September. The academic year had just begun. Paris was reawakening: the French had come back from vacation, the subways were full again, people trundled hurriedly along the boulevards. “Ambassade de la République du Zaïre,” Zizi read on the envelope. Even after three years, it still took some getting used to . . . . [I]n 1971, the rounded vowel-sounds of Congo had made way for the hiss of Zaïre. Mobutu found that more authentic than the old colonial name. The Father of the Revolution had based his choice on one of the earliest known historical documents: a sixteenth-century Portuguese map. But shortly after the name was changed, Mobutu discovered that it was all a foolish mistake: Zaïre was a slipshod spelling of ndazi, a run-of-the-mill Kikongo word for river. When the Portuguese had landed at the estuary and asked the locals what that huge, roiling mass of water was called, they had simply replied: “River!” Nzadi, they repeated. Zaïre, that was what the Portuguese thought they heard. For thirty-two years, Zizi’s country would owe its name to the sloppy, four-century-old phonetics of a Portuguese cartographer.

And so Zaïre it was. That was what the country was called, and from then on the river as well, and the currency and the cigarettes and the condoms and all manner of other things. A bizarre name, with its atypical Z and that troublesome diaeresis. When you typed the name, you came up with one of those holy trinities of dots over the i. Mobutu’s American allies could never quite wrap their mouths around it. They spoke of the one-syllable zair, as in air with a z up front.

À l’attention du Citoyen Kabongo Kalala, that was the address on the embassy envelope. The French found it charming, that use of citoyen as a form of address. At least one country, two hundred years after the storming of the Bastille, still held aloft the tenets of revolutionary etiquette.

Zizi, of course, wouldn’t have expected them to address it to “Zizi.” There weren’t very many people who knew his real name, but in official correspondence he remained plain old Isidore—especially in France, where zizi is another word for weenie. But the address didn’t mention Isidore either. Kabongo Kalala, that had been his official name for the last two years. Born in 1940 as Isidore Kabongo, he had gone through life since 1972 as Kabongo Kalala. With no first name. Christian names were now forbidden as being, once again, too colonial.
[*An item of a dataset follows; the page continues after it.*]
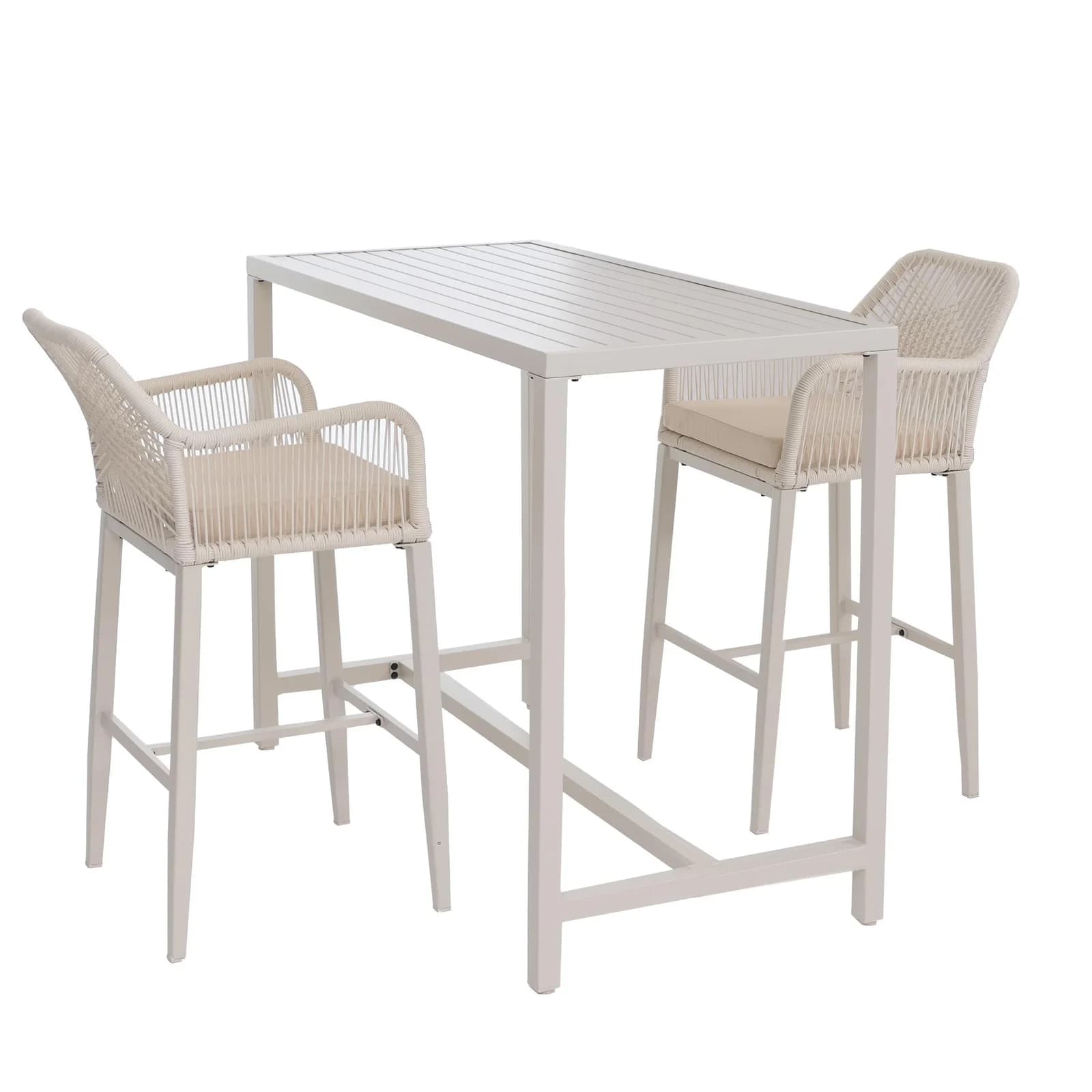 MCW Bartisch Set mit 2x Barhocker Outdoor Seilgeflecht creme - Bild 2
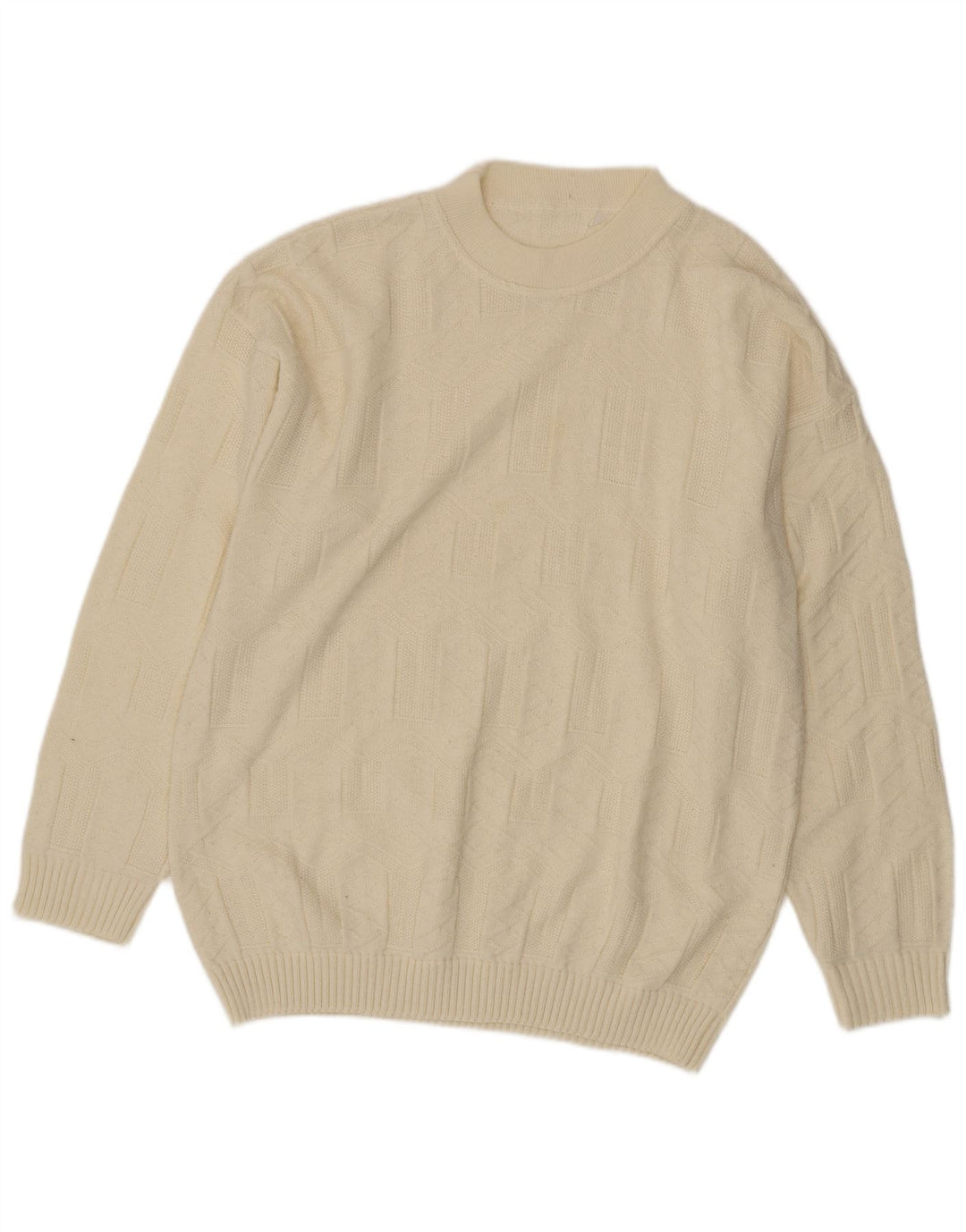 Vintage męski sweter z wycięciem pod szyją, duży biały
The people’s minds, Mobutu felt, had been bent beneath the old yoke for too long. His plan was to liberate them mentally as well. A whole host of name changes would help in that process. Léopoldville was to become Kinshasa, Stanleyville Kisangani, and Elisabethville Lubumbashi. Lesser towns also received a new, indigenous name: Ilebo for Port Francqui, Kananga for Luluabourg, Moba for Baudouinville, Mbandaka for Coquilhatville, Likasi for Jadotville. Lake Leopold was renamed Maï Ndombe, the black water. Lake Albert became Lake Mobutu. And, in order to puncture local pride, Katanga was now to be called Shaba.

But a different toponymy was not enough, according to Mobutu. People’s names had to reflect the change as well, for there were some who still looked up far too much to Belgium. Individuals bearing the name Lukusa continued to corrupt that to De Luxe. Kalonda sometimes became De Kalondarve. The singer Georges Kiamuangana preferred the Flemish-sounding Verckys as his stage name. And Désiré Bonyololo, the stenographer from Kisangani, liked to call himself Désiré Van-Duel. This was an affront to the ideologists of the Second Republic: the new Zaïrian should be proud of what he was, rather than ridiculously try to flaunt what he wanted to be. From now on, only native names.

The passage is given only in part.